With vigor and elegance, Kumar describes the clash of titans that took place in the world of physics in the early 20th century, between physicists who did and those who did not believe in the quantum—the strange concept that we now know to be the underpinning of reality. The titans in Kumar's account of the conflict are Albert Einstein and Niels Bohr. In 1900, Max Planck discovered that electromagnetic radiation and the energy of light are transmitted not in a continuous flow but in small packets called quanta (singular, quantum). Bohr applied the idea of quantum to electrons, leading to the development of quantum mechanics. Bohr's theory explained experimental results that were inexplicable in classical theory. Einstein rejected Bohr's theory overturning reality in dangerous but also thrilling ways. The clash culminated at the 1927 Solway conference. Kumar, founding editor of Prometheus and a consulting science editor for Wired UK, recounts this meaty, dense, exciting story, filled with vivid characters and sharp insights. With physics undergoing another revolution today, Kumar reminds us of a time when science turned the universe upside down. 16 pages of photos.

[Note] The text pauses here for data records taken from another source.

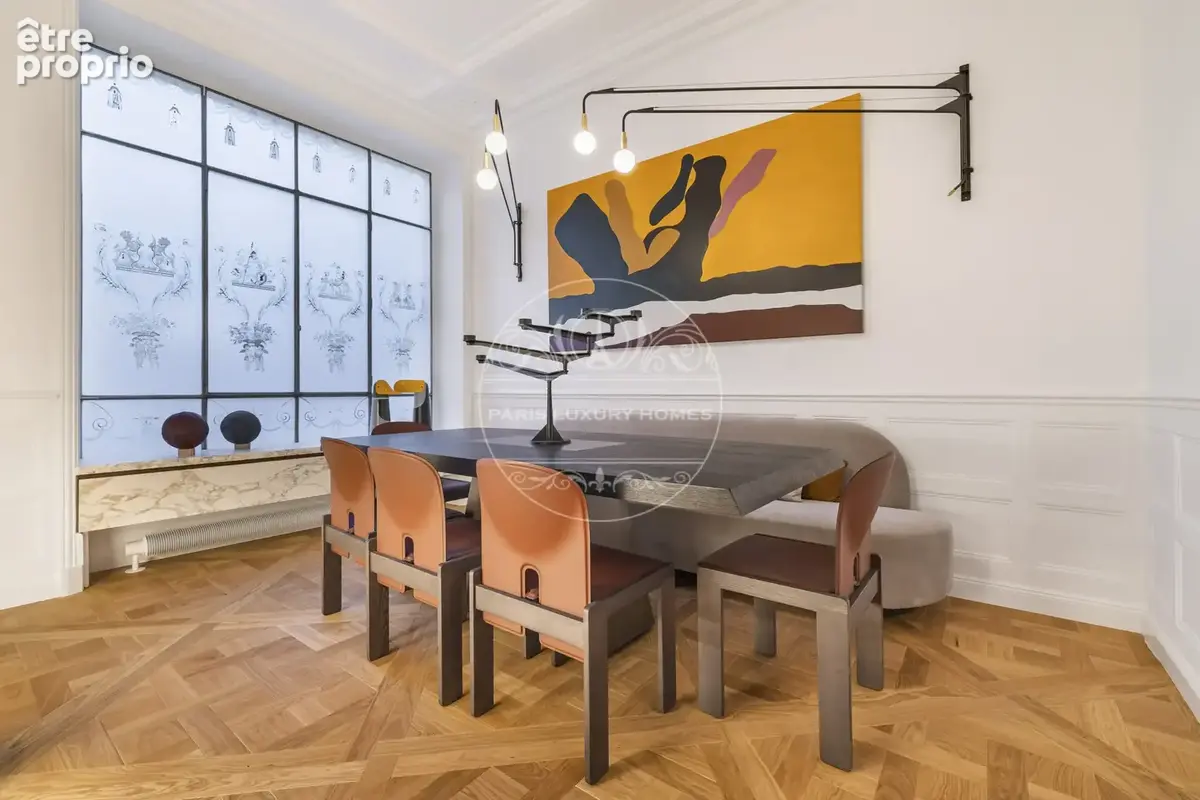 Appartement de prestige dans le triangle d'or ! - photo 12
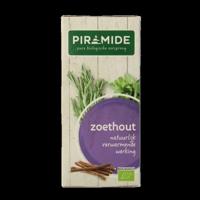 Zoethout thee eko bio 20 Zakjes - thumbnail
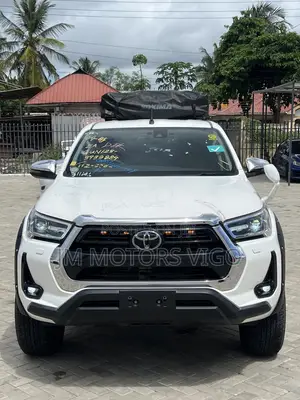 Toyota Hilux Revo 2022 Double Cabin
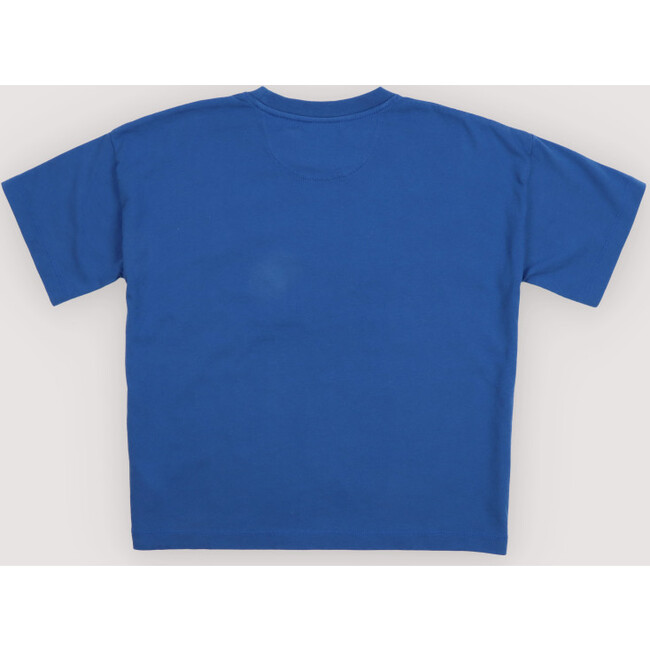 Tilo T-Shirt Deep Sea Blue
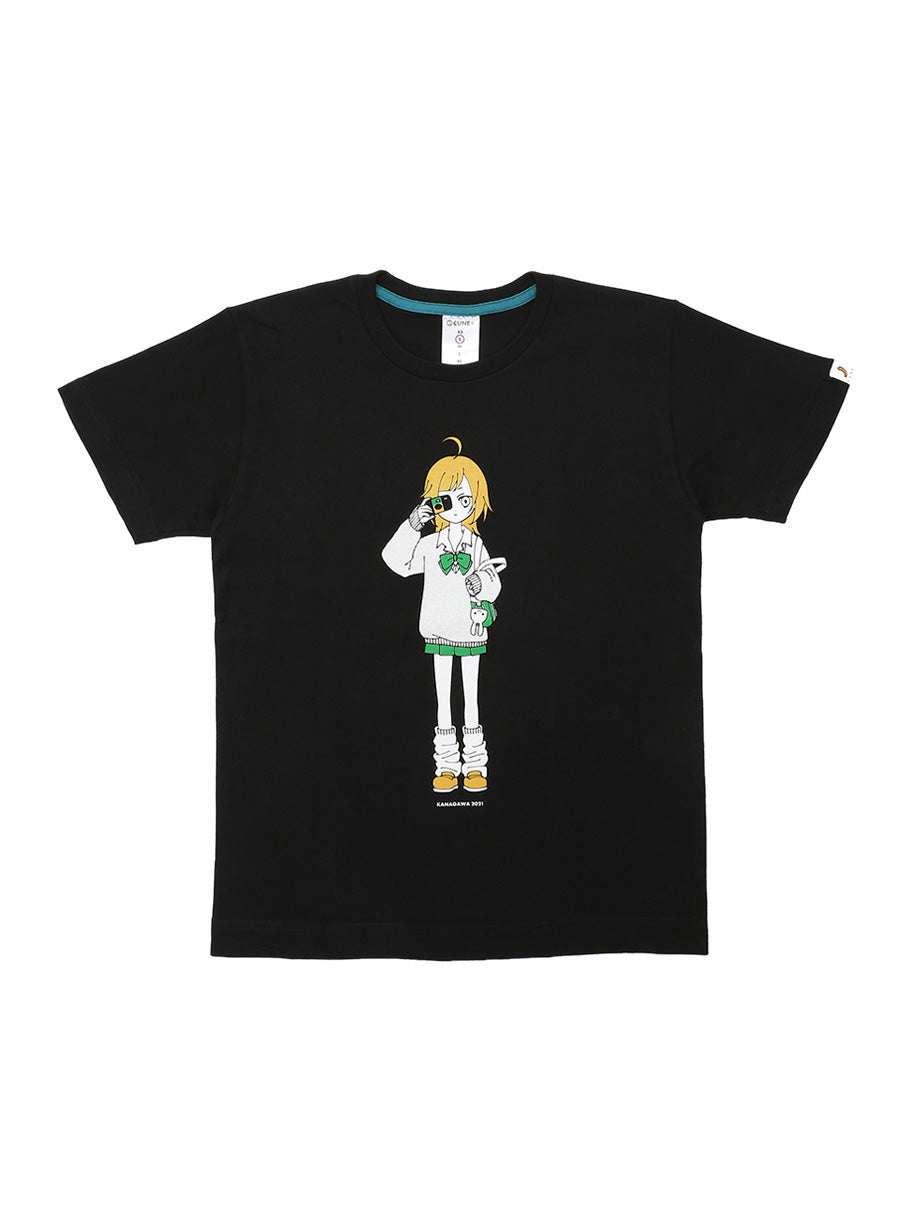 47都道府県Tシャツ 2021 神奈川県 レンズ付フィルム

Manjit Kumar has degrees in physics and philosophy. He was the founding editor of Prometheus, an interdisciplinary journal that covered the arts and sciences, and is the co-author of Science and the Retreat from Reason, which introduced key areas of modern science while defending notions of social progress and scientific advance.
Published in 1995, it was critically acclaimed as a ‘corrective to the hype’, ‘thought-provoking’, and ‘undoubtedly one of the best introductions one can find to the crisis of confidence within science itself’.
He has written and reviewed for various publications including the Guardian, Indioendent, Times, Sunday Telegraph, New Scientist and Tehelka. He was Consulting Science Editor at Wired.
Majit's latest book is Quantum: Einstein, Bohr and the Great Debate about the Nature of Reality which was Shortlisted for the 2009 BBC Samuel Johnson Prize.